■ TO DO
Below is a listing. Quote from it, exactly, the lines from the one containing "Zwart leren motorjack" down to the one containing "That's It 4 Bedroom Home by RedAwning", both ends included, and nothing else.

■ SUPPLIED RECORDS
━━━━━━━━

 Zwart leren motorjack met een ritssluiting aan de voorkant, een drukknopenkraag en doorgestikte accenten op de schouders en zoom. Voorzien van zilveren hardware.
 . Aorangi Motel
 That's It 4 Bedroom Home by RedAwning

━━━━━━━━

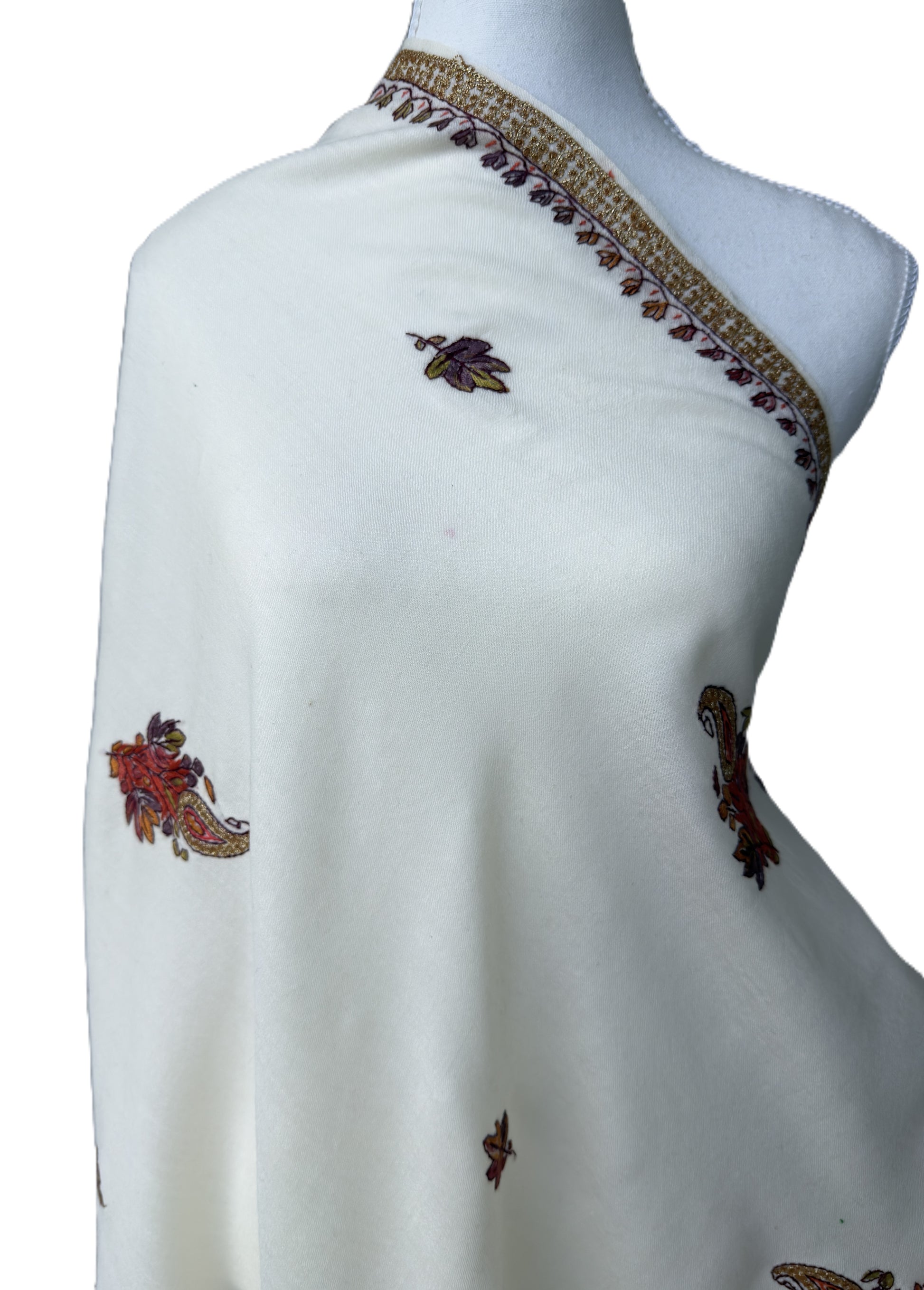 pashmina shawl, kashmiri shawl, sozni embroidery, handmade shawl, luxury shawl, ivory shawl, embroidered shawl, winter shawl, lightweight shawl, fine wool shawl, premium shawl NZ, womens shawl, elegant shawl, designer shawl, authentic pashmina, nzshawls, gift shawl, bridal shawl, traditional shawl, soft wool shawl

━━━━━━━━

■ TASK ANSWER
 Zwart leren motorjack met een ritssluiting aan de voorkant, een drukknopenkraag en doorgestikte accenten op de schouders en zoom. Voorzien van zilveren hardware.
 . Aorangi Motel
 That's It 4 Bedroom Home by RedAwning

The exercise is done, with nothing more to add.